Хрупкое, как тигр
Амбала
.
Она ворвалась в мою комнату, танцуя, жужжа,
стихийное бедствие, её темная кожа блестела,
.
рассекая меня пульсом своей красоты.
Я сидела с маской на лице, полуобнажена, делая восковую эпиляцию ног.
.
Видя, как оправдание расплывается по её лицу,
сдерживая водопад слов на её губах,
.
всё нормально — сказала я, хотя я закрыла дверь.
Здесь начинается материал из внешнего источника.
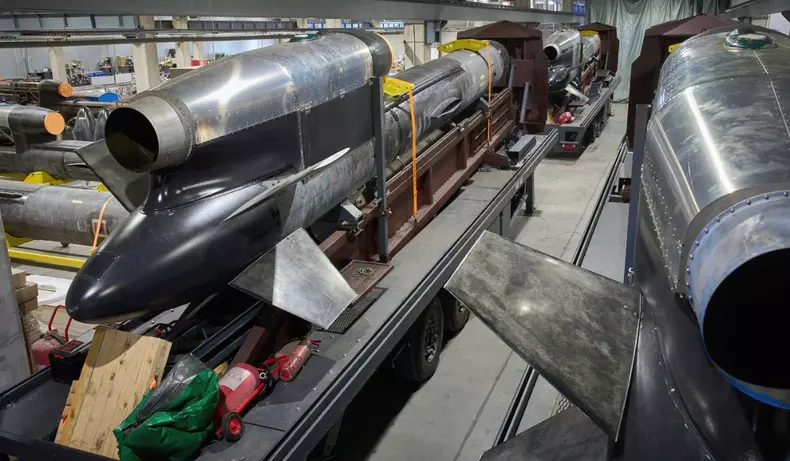 flamingo-drona-racheta-fabrica-ucraina-depozit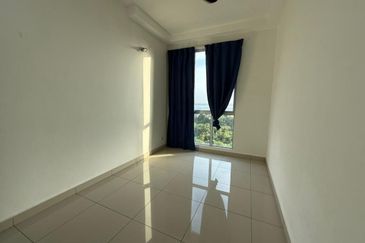 Covil By The Sea @ Meridin Bayvue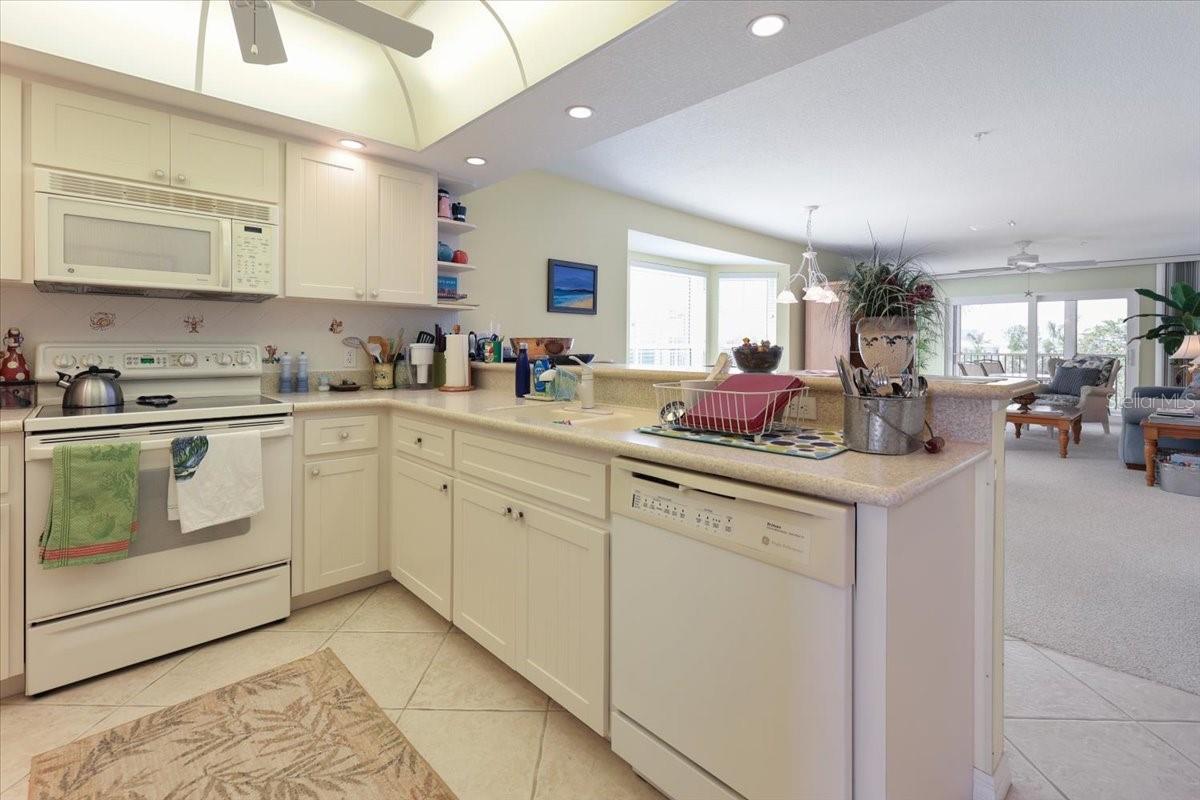 PALM ISLAND BAY VILLAS - Residential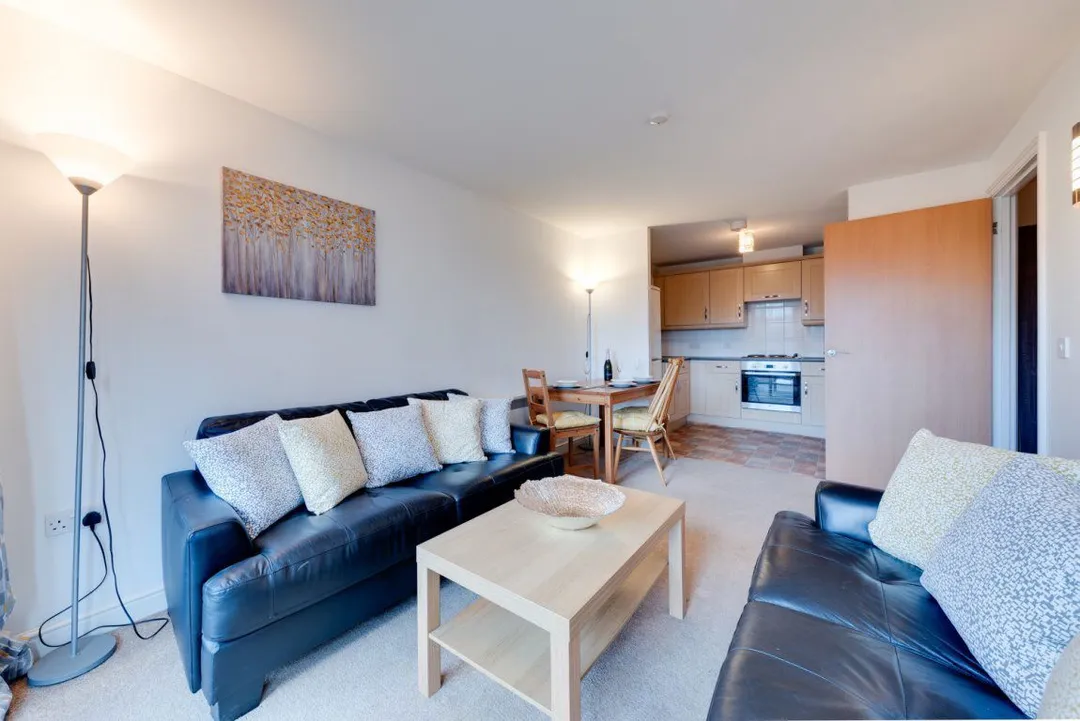 Flat Bingley Court in Canterbury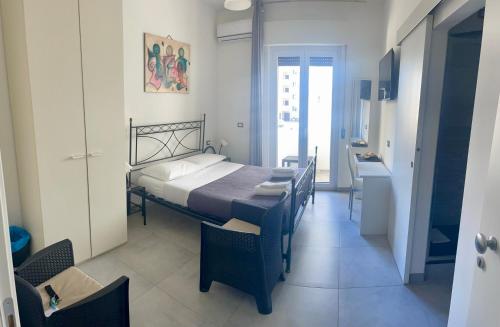 サン・サルヴォにあるB&B UN POSTO AL MARE San Salvo Marinaのベッドルーム1室(ベッド1台、テーブル、椅子付)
Ты можешь зайти в мою комнату в любое время — пела она,
.
её статуарное тело сворачивалось в поклоне,
моя тоска по дому изгонялась её искупительной жертвой.
.
Жизнь в женском студенческом общежитии была полна сюрпризов,
учила меня, как различия делают нас людьми.
.
В тот день, когда я постучала в её дверь, но не ждала
ее царственного «антре», приглашающего меня внутрь,
.
я была не готова увидеть её перед зеркалом,
всматривающуюся вглубь себя. Это что ли новая поза в тантрической йоге,
.
о которой я не знала? Но пятно
на узорчатом коврике, мучительная боль на ее лице
.
говорили о другом. Это ранит, шептала она,
её ноги были раздвинуты, словно она рожала.
.
У меня спазмы и боли в спине тоже, я сочувствовала ей,
думая, что она страдает от болей во время менструаций.
.
Нет, это другое. Самый жестокий и злой порез,
ничего похожего на мужское обрезание,
.
она вздыхала, я заметила её иссечение —
её рану, ее стыд, её тайный разрез,
.
открывшийся, когда она лежала, корчась на полу,
не в силах скрыть жизнь боли и унижения.
.
Могу ли я что-то сделать? Спросила я в ужасе,
думая — Боже избавь.
.
Возьми мою руку, будь моей лучшей подругой навсегда.
Кроме женщин моей семьи, никто
.
не видел меня обнажённой, искалеченной.
Мое мучение — ничто в сравнении с ужасом
.
прокалывания, пронзения, разреза, сшивания, свежевания —
я выжила, взамен отдав свою веру в жизнь.
.
Ее голова лежала на моих коленях, наши пальцы сомкнулись,
мы замерли так, мечтая о неискалеченном мире.
.
.
.
Дети асфальта
.
Боевики в касках скользят на стальных эскалаторах
в бомбостойких зданиях против террористов Города.
.
Космическая прогулка по огромным стеклянным стенам,
они проверяют меня, как проверяли бы любую другую крошку.
.
Улыбаясь, они блуждают, не боятся вертиго,
словно индекс фондового рынка, рвущийся в бой.
.
Кто сказал, что мужчины редко пристают к женщинам со стаканами?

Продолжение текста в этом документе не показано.